**Material provided**.

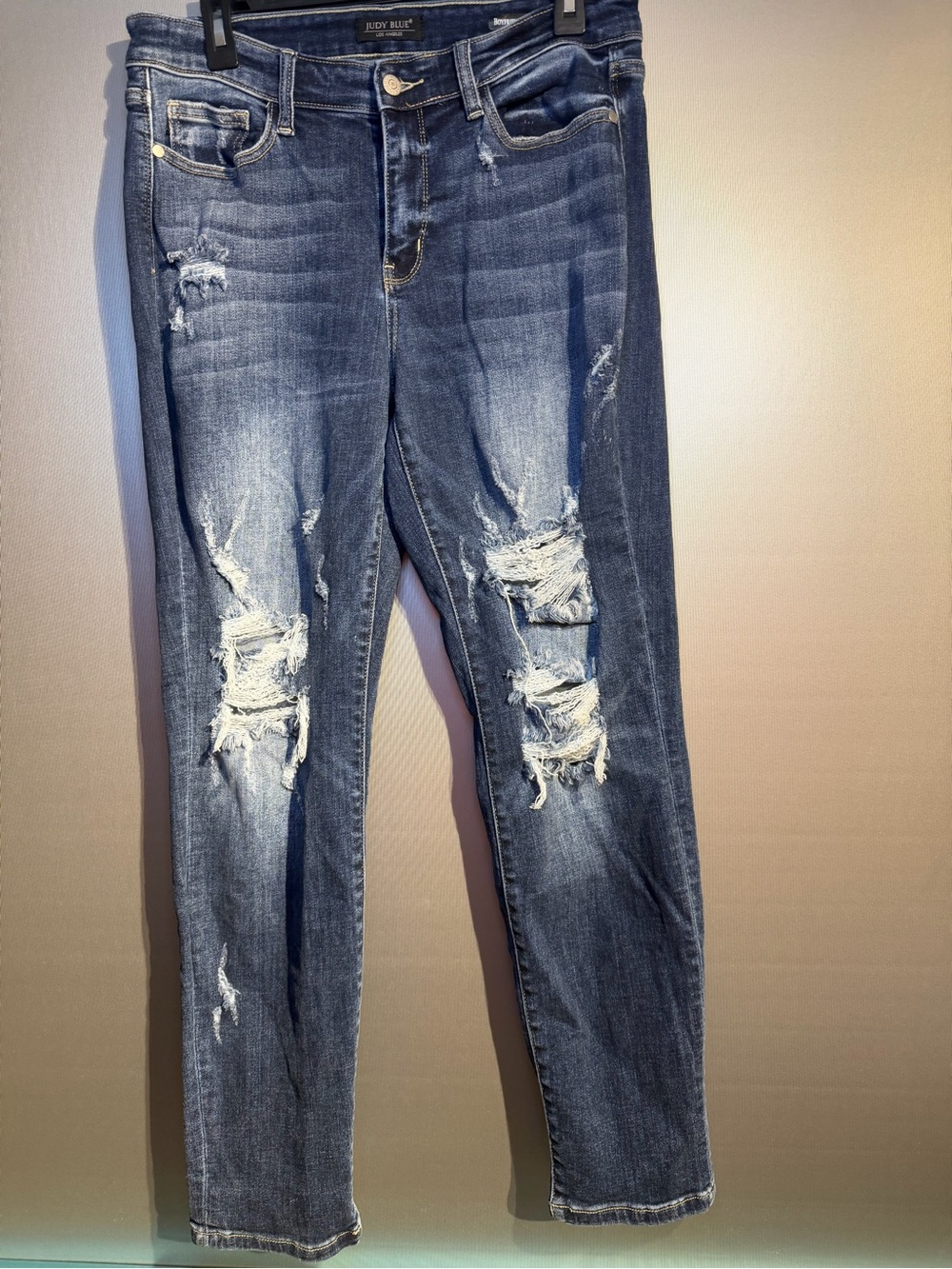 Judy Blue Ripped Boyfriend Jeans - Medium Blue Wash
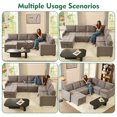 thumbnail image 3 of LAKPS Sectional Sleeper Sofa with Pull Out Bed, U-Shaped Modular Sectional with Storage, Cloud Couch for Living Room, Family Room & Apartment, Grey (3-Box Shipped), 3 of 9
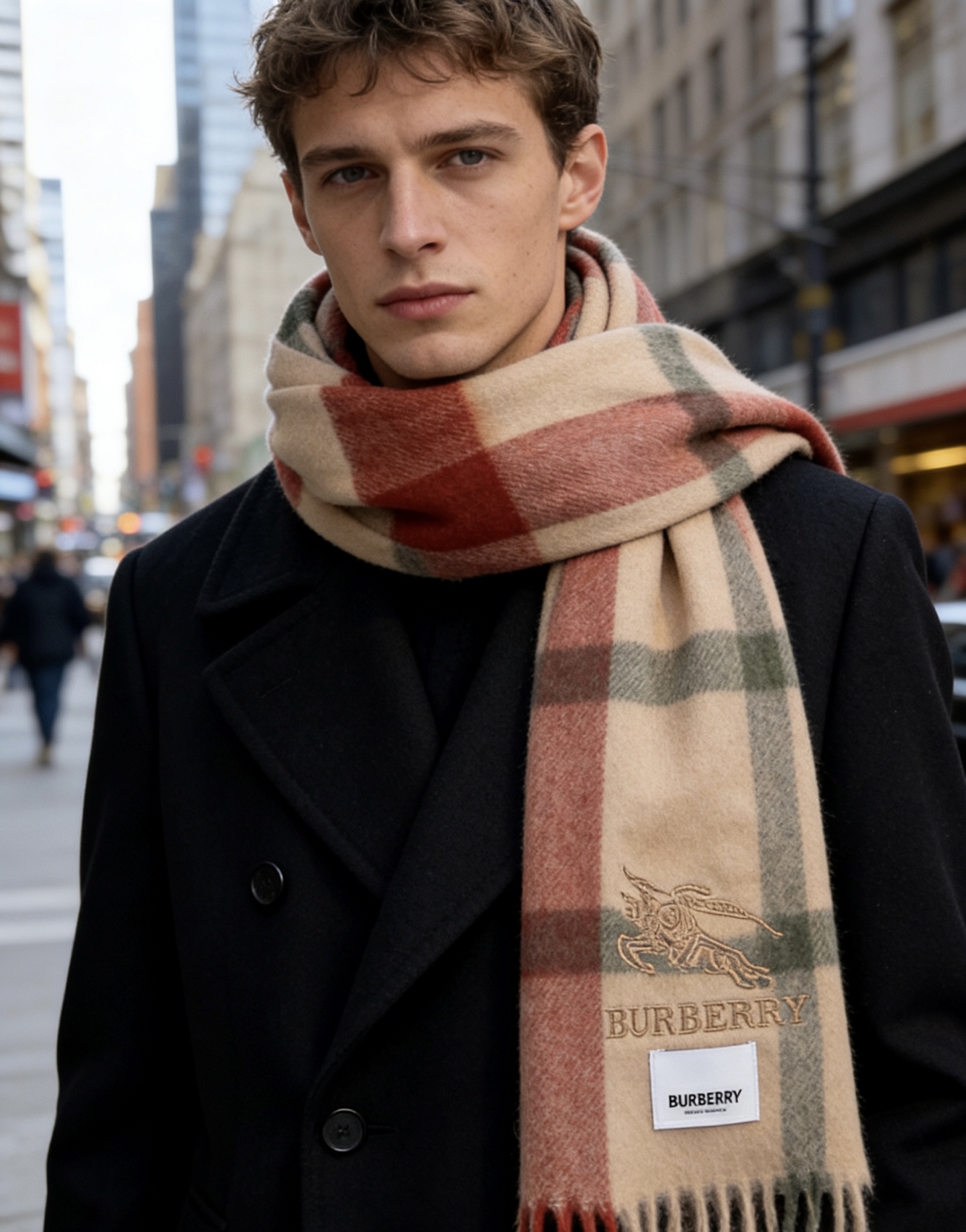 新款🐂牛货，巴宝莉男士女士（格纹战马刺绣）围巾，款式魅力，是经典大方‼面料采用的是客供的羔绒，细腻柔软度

**What you have to do**. Print each line from the one containing "thumbnail image 3" through the last line of the listing, both included, exactly and with no pictures.

**Solution below**.
 thumbnail image 3 of LAKPS Sectional Sleeper Sofa with Pull Out Bed, U-Shaped Modular Sectional with Storage, Cloud Couch for Living Room, Family Room & Apartment, Grey (3-Box Shipped), 3 of 9
 新款🐂牛货，巴宝莉男士女士（格纹战马刺绣）围巾，款式魅力，是经典大方‼面料采用的是客供的羔绒，细腻柔软度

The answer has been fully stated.